That’s a very good question. The kernels/solutions you follow on kaggle/analytics vidhya mostly belong to some competition or some tool/ability of the tool demonstration. The dataset you have for such solutions are readily available. In real life they are not. In real life problems, we have to generate hypothesis even before we capture the data. After we have sufficient hypothesis, we start gathering the data (some of the data required by the hypothesis are difficult to fetch and those remain open). Once we get the data, we need to test all the possible hypothesis to validate it statistically. ANOVA, chi square test, T/Z test are all hypothesis test. Most of the hypothesis is trying to find statistical significance between a feature and the target variable. If some hypothesis fails, we do not include the feature in our end model as the pattern between the feature and target variable might be due to randomness.
Note: In real life problems, the feature you select should be both statistically significant and domain wise rational. Else, you drop the feature.
Let’s say you want to predict if India would win a cricket match or not.

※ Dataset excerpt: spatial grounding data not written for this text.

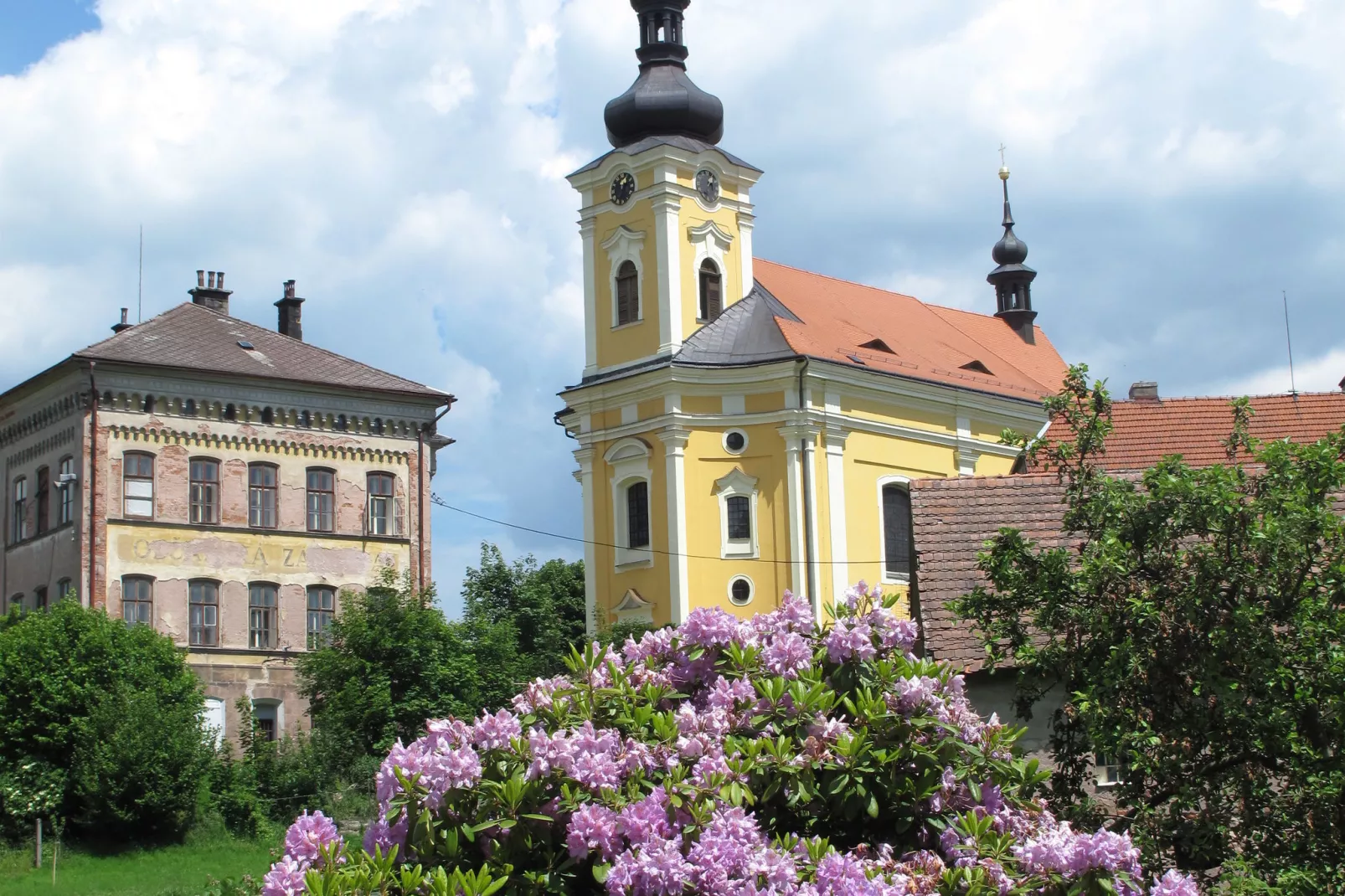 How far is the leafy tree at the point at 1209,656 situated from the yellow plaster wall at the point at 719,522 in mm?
33896

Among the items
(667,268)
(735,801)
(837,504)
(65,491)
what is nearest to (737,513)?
(837,504)

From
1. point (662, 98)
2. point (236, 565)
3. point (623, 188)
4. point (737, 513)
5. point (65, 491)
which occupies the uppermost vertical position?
point (662, 98)

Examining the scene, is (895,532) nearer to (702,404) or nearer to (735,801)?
(702,404)

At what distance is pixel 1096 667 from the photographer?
12375 mm

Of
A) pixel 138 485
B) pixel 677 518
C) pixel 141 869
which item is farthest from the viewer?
pixel 677 518

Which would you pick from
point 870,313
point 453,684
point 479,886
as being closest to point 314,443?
point 453,684

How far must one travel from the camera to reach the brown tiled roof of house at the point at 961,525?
17547 millimetres

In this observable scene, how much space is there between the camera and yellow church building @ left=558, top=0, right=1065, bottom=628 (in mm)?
47312

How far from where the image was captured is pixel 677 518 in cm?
4712

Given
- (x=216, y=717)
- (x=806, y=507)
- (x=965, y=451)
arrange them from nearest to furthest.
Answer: (x=216, y=717)
(x=806, y=507)
(x=965, y=451)

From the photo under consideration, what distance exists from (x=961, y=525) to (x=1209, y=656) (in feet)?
22.4

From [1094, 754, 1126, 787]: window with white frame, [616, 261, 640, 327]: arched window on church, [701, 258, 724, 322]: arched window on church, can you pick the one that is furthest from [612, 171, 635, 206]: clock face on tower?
[1094, 754, 1126, 787]: window with white frame

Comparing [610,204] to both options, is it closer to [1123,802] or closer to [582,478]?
[582,478]

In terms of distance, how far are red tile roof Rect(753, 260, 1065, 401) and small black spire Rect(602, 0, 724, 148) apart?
185 inches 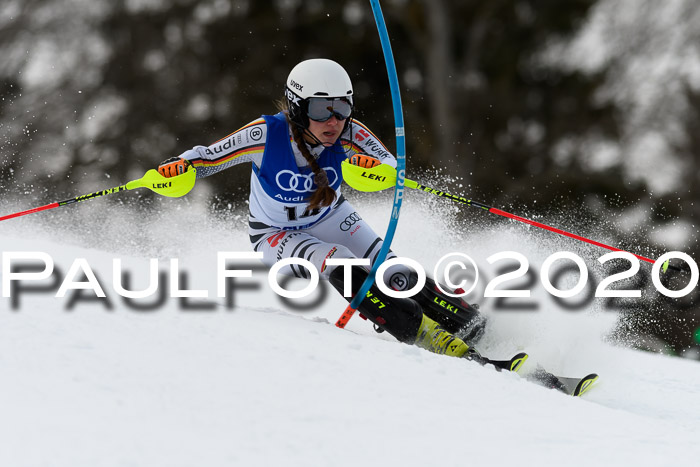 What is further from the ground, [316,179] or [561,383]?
[316,179]

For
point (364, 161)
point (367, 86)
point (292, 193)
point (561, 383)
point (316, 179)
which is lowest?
point (561, 383)

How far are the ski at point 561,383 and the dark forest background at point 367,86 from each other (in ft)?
41.1

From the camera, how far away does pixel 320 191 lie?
4.80 meters

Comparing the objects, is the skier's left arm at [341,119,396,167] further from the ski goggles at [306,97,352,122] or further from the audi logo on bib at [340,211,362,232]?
the audi logo on bib at [340,211,362,232]

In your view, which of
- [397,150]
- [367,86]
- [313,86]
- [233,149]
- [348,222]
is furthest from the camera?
[367,86]

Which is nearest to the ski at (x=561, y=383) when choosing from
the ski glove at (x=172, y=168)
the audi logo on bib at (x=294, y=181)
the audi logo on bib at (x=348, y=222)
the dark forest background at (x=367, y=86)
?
the audi logo on bib at (x=348, y=222)

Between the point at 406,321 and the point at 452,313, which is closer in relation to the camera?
the point at 406,321

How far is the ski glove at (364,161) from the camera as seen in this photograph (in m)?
4.68

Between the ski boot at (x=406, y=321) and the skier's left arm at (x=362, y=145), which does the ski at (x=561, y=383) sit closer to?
the ski boot at (x=406, y=321)

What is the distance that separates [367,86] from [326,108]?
529 inches

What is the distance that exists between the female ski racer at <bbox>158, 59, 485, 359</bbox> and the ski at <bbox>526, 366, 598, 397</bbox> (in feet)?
1.14

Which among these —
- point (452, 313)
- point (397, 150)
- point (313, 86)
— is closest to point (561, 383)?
point (452, 313)

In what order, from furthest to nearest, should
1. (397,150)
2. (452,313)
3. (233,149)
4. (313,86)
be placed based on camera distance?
A: (452,313)
(233,149)
(313,86)
(397,150)

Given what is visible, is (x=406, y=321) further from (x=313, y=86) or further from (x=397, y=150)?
(x=313, y=86) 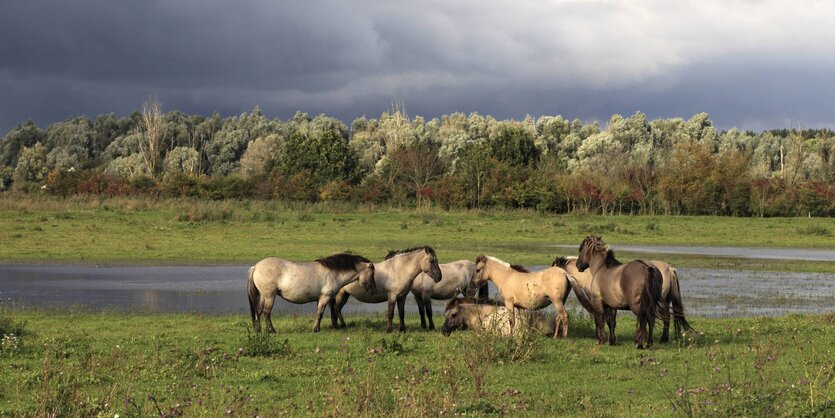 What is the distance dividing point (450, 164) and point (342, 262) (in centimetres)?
7239

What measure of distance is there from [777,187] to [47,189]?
176 feet

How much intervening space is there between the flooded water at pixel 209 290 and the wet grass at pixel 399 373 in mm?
3751

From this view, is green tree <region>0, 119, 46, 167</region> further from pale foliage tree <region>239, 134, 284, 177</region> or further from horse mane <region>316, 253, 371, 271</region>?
horse mane <region>316, 253, 371, 271</region>

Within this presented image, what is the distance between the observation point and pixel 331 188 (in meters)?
64.6

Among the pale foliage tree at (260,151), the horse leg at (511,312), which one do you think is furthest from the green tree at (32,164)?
the horse leg at (511,312)

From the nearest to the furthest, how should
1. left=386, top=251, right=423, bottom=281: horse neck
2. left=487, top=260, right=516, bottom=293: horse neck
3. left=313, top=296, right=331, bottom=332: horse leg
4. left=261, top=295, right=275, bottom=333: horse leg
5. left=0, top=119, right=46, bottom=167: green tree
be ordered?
left=487, top=260, right=516, bottom=293: horse neck < left=261, top=295, right=275, bottom=333: horse leg < left=313, top=296, right=331, bottom=332: horse leg < left=386, top=251, right=423, bottom=281: horse neck < left=0, top=119, right=46, bottom=167: green tree

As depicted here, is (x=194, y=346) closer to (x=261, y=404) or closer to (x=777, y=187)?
(x=261, y=404)

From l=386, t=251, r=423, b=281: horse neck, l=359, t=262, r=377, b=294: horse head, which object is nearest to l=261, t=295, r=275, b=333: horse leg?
l=359, t=262, r=377, b=294: horse head

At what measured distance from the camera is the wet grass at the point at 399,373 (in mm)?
8203

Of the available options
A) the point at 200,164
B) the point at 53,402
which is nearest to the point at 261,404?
the point at 53,402

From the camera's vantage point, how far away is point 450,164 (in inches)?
3450

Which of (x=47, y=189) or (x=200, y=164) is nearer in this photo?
(x=47, y=189)

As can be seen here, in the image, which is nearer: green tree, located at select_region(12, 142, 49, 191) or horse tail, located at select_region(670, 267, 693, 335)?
horse tail, located at select_region(670, 267, 693, 335)

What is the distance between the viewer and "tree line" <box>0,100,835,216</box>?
6084 cm
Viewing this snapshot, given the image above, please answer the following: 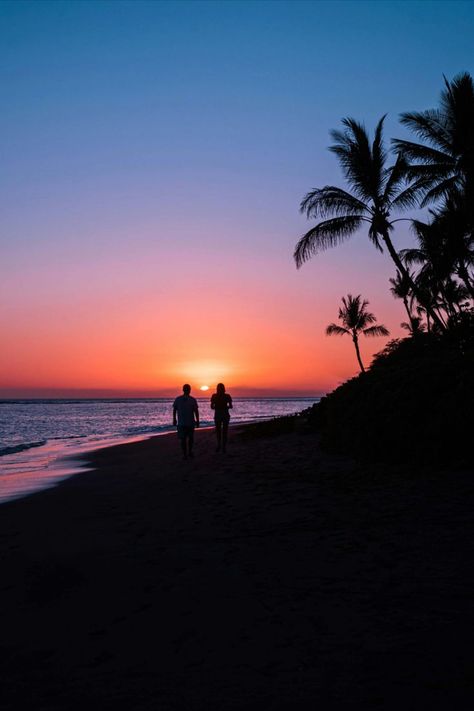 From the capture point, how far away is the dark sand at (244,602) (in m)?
2.80

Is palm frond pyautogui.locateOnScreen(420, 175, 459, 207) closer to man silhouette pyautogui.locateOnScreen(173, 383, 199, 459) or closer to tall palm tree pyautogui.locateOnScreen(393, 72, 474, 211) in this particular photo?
tall palm tree pyautogui.locateOnScreen(393, 72, 474, 211)

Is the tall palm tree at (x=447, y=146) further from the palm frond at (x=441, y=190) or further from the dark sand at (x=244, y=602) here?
the dark sand at (x=244, y=602)

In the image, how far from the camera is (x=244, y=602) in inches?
157

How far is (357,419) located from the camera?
448 inches

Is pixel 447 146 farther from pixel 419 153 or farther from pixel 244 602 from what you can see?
pixel 244 602

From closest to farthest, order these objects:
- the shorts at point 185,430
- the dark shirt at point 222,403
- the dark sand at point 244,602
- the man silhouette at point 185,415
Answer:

You start with various hypothesis:
- Kohli scores a century, India wins the match most of the times
- India playing on home ground, India wins the match most of the times
- If stadium is more than 90% crowded, India wins the match most of the times
Now, you collect the data and do the relevant test:
- For the first one, you build a cross table with Kohli scoring/not scoring a century at the index and India winning/losing at the column. And perform a chi square test.
You would include the variable only if the chi square test of independence fails.
- similarly you can do the chi square test for India playing home/away and India winning/losing.
- For the third hypothesis, you won’t perform the test because there is no domain rationale. You cannot reason the behavior even if it has got statistical relevance.
T/Z test or ANOVA is used to check the significance of the difference in two continuous features (for ANOVA two or more). For instance, you can collect Virat Kohli’s runs scored in the match and find the average score Kohli needs to score for winning the match. But before saying his score does affect the match result, you need to perform Z-test. You have two series, one contains Kohli’s individual runs scored when India wins and another that contains his runs scored when India losses. You have average and standard deviation of both the series and you can easily perform a Z-test to conclude whether or not the difference in the average scores of the two series are statistically significant.
Hope you find my answer helpful.